**Exercise details**
Taking the line with "Camisa Eintracht Frankfurt III 2025/26" as the first and the line with "Additional description for" as the last, set down the lines below exactly, pictures excluded.

[Captioned web images]
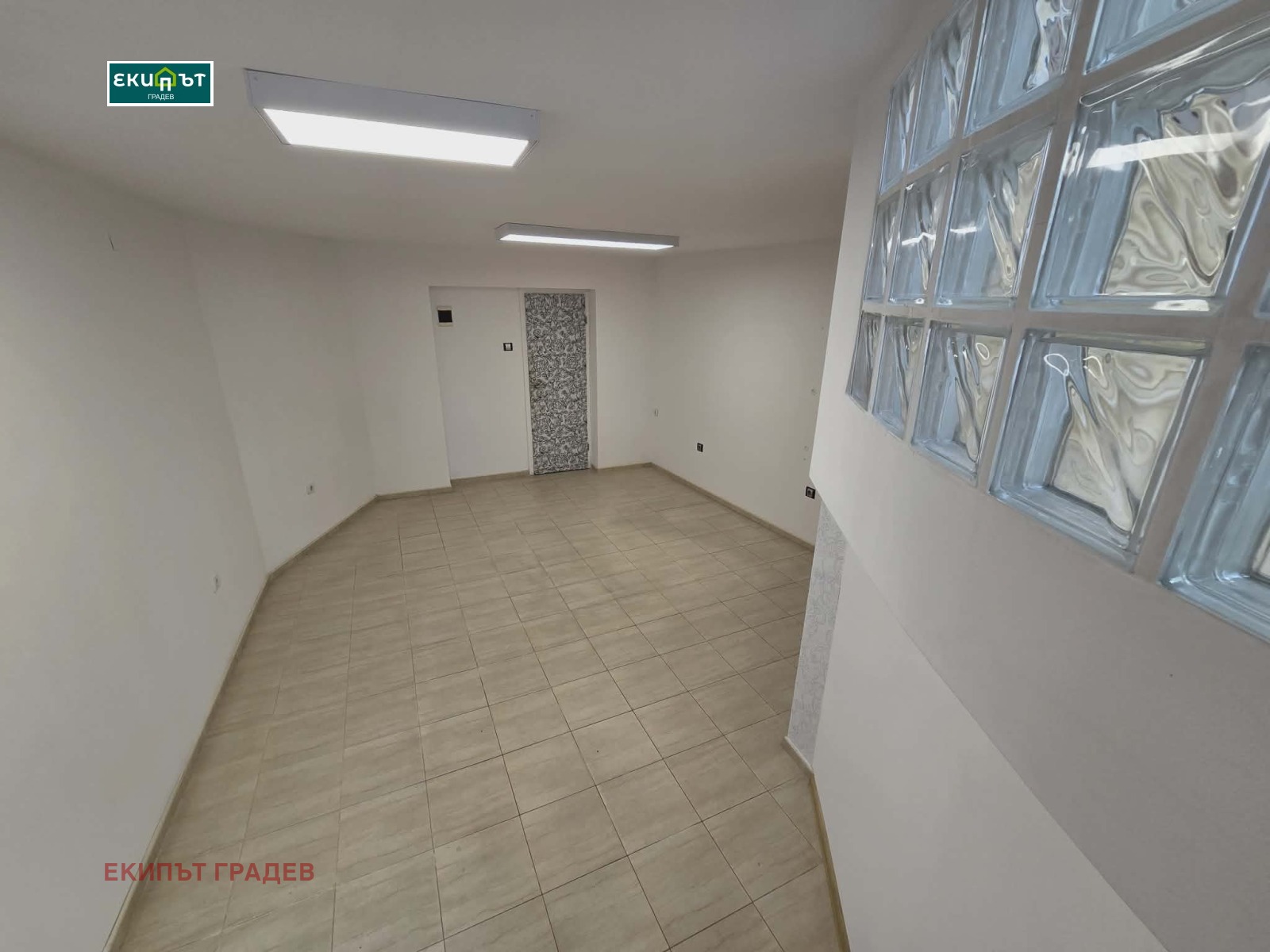 Дава под наем ОФИС, гр. Варна, Център, снимка 2 - Офиси - 53859906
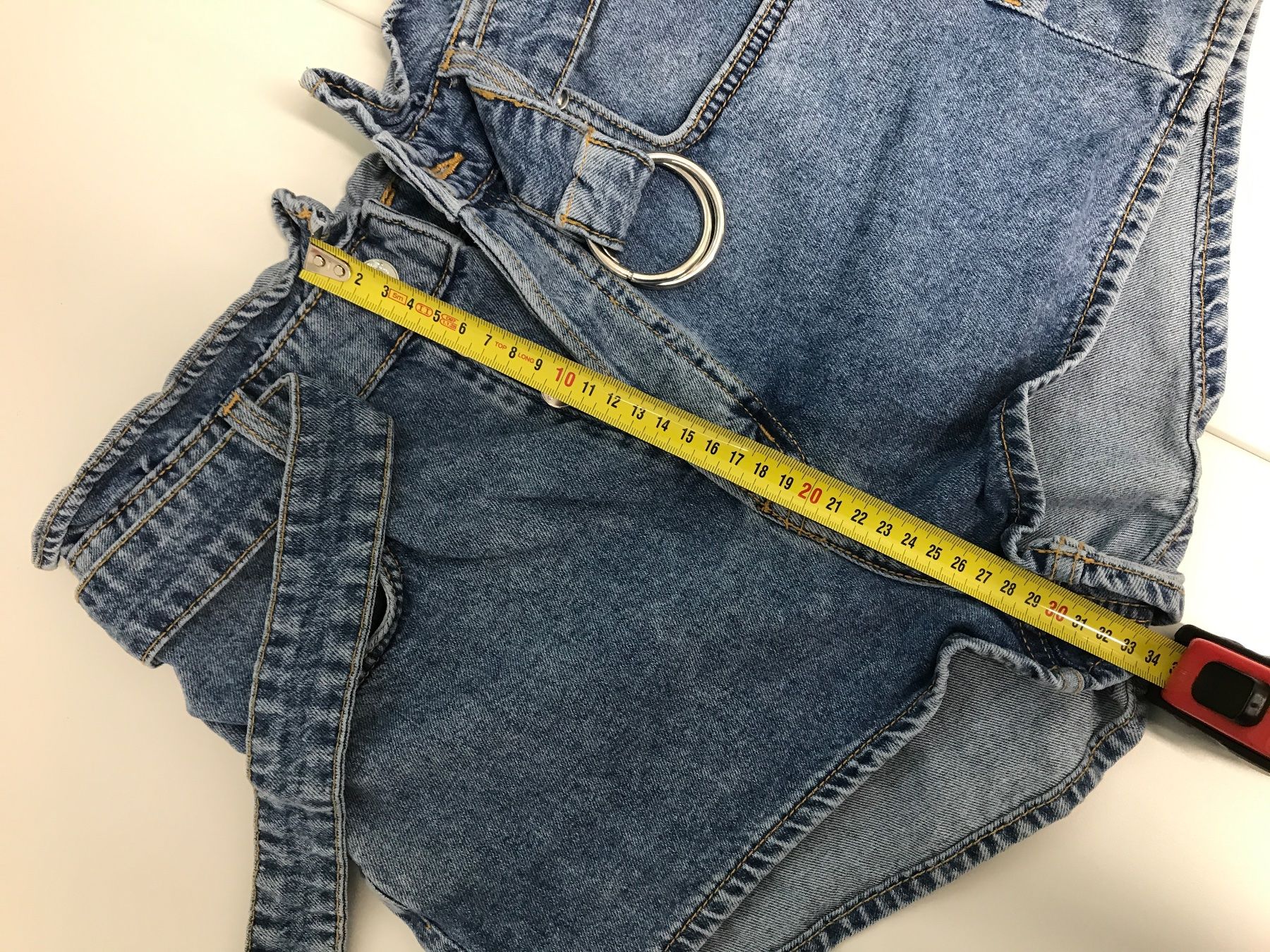 Jeans: Jeans Shorts Gr 36 – Usato da St. Margrethen SG venduto da kellenbh 3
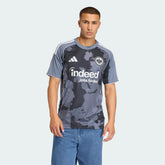Camisa Eintracht Frankfurt III 2025/26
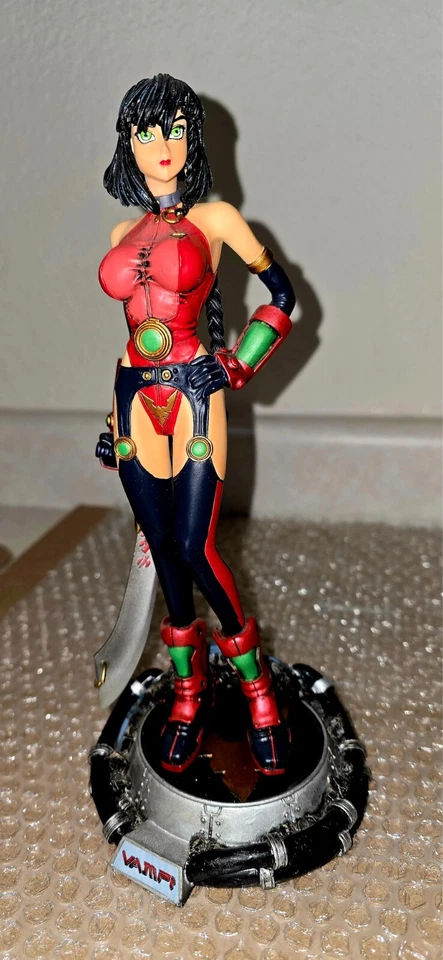 Vampi vintage statue Harris Comics 10 inches comic included - Изображение 2 из 4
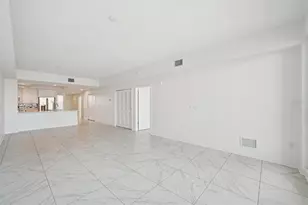 125 Island Way, Clearwater Beach, FL 33767 - Photo 8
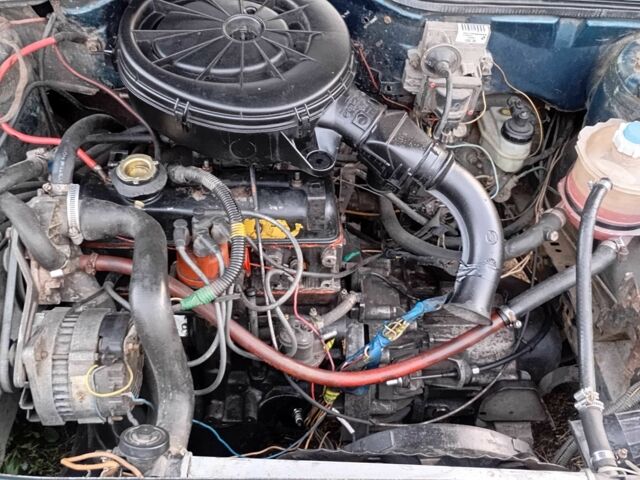 Синий Рено 19, объемом двигателя 1.4 л и пробегом 374 тыс. км за 710 $, фото 13 на Automoto.ua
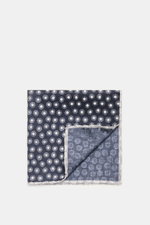 Alt tag (125 characters max):  
Brunello Cucinelli Silk Pocket Square navy/grey-blue dotted, front view, pure silk, smooth touch, rolled edges, 35x35 cm, Made in Italy.

Additional description for reference:  
<p>Subtle elegance for style-conscious appear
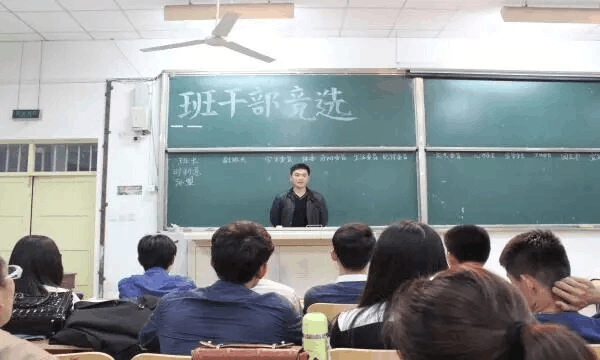 大学新生班干引领潮流，塑造未来之路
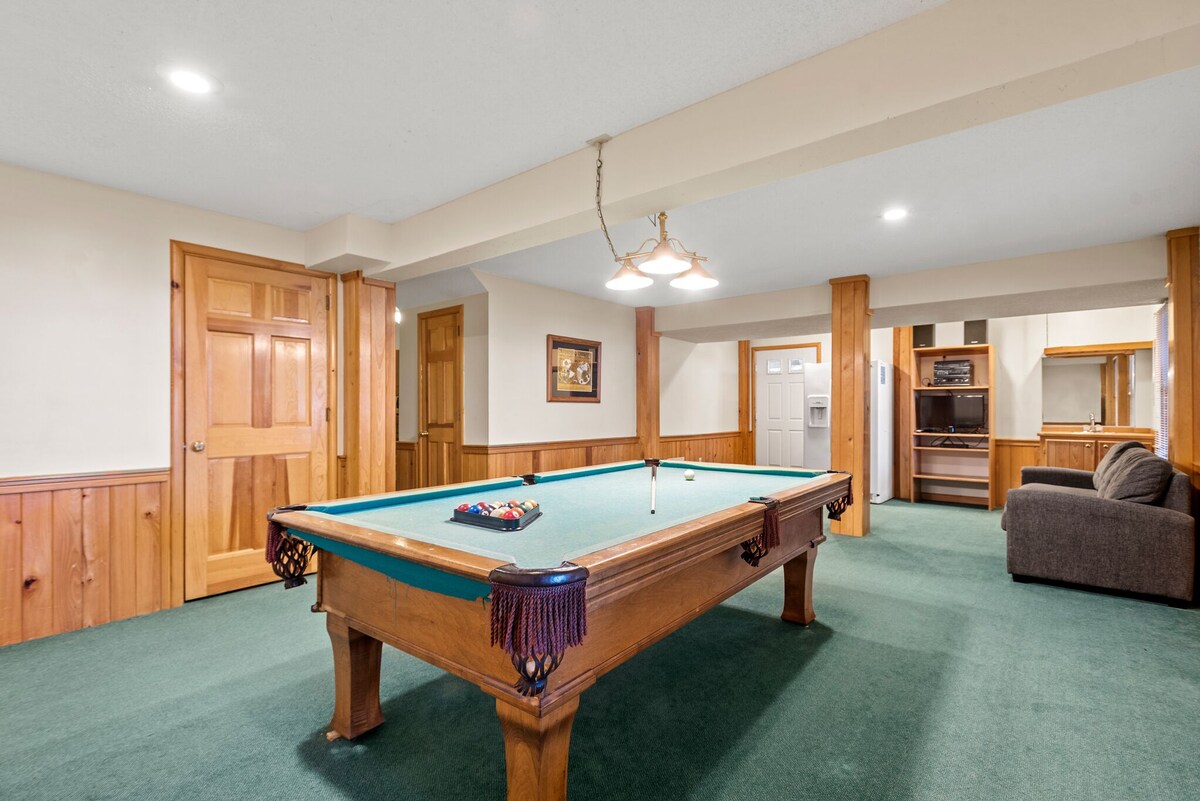 Tequila Sunset: Soundfront | Private Pool & Hot Tub | Corolla Light Amenities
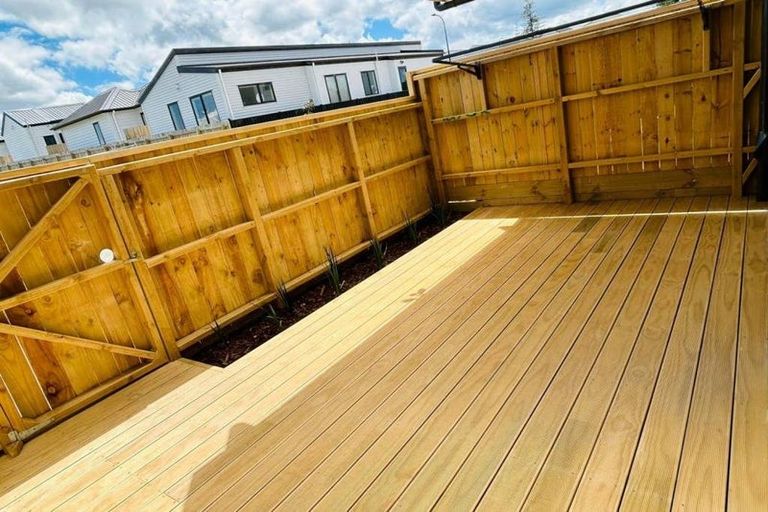 Photo of property in 45 Otuwairoa Esplanade, Opaheke, 2113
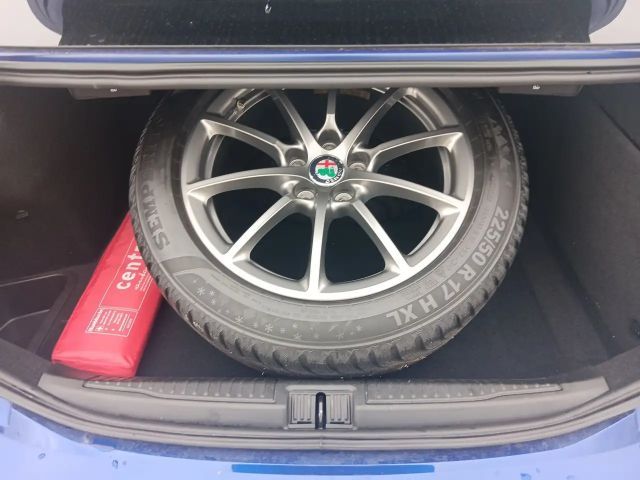 Alfa Romeo Giulia AT8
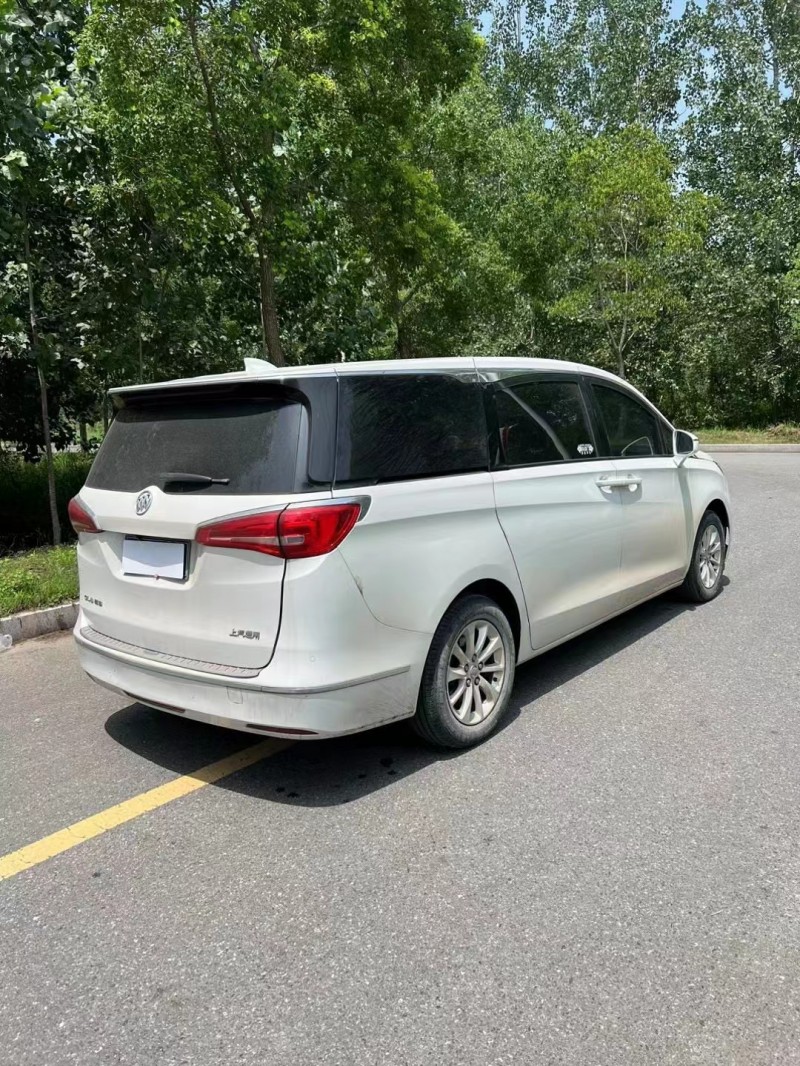 宿迁18年别克GL85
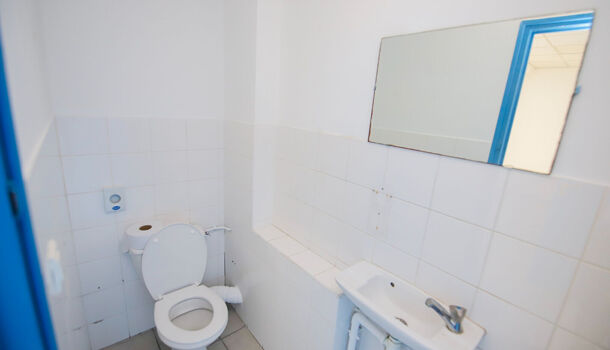 Local commercial 2 pièces  à vendre Hyères 83400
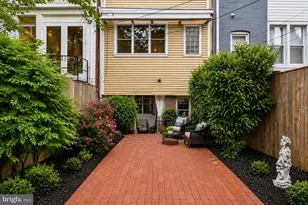 319 C St SE, Washington, DC 20003 - Photo 43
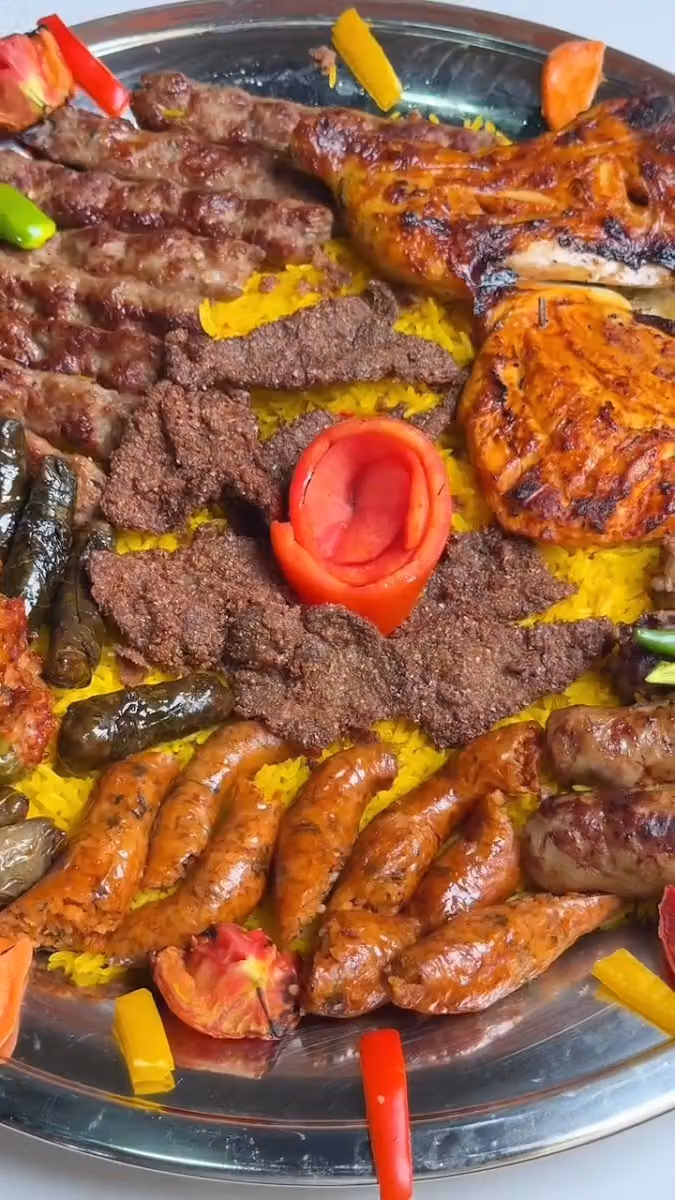 مطعم لحم وفحم للأكلات المصرية
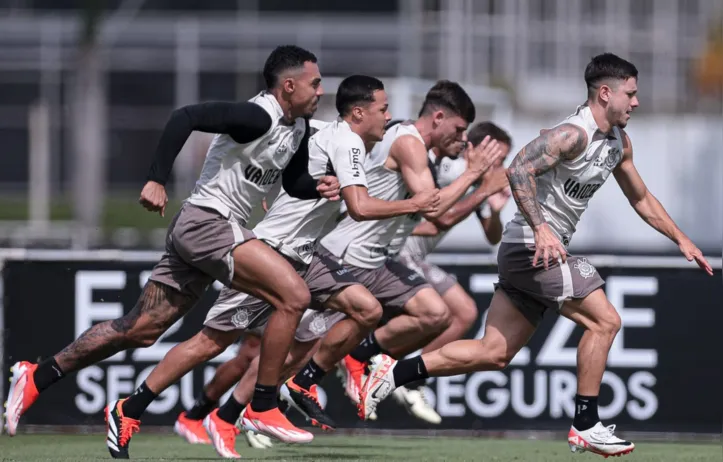 Jogadores do Corinthians durante treino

**Answer to the exercise**
Camisa Eintracht Frankfurt III 2025/26
 Vampi vintage statue Harris Comics 10 inches comic included - Изображение 2 из 4
 125 Island Way, Clearwater Beach, FL 33767 - Photo 8
 Синий Рено 19, объемом двигателя 1.4 л и пробегом 374 тыс. км за 710 $, фото 13 на Automoto.ua
 Alt tag (125 characters max):  
Brunello Cucinelli Silk Pocket Square navy/grey-blue dotted, front view, pure silk, smooth touch, rolled edges, 35x35 cm, Made in Italy.

Additional description for reference:  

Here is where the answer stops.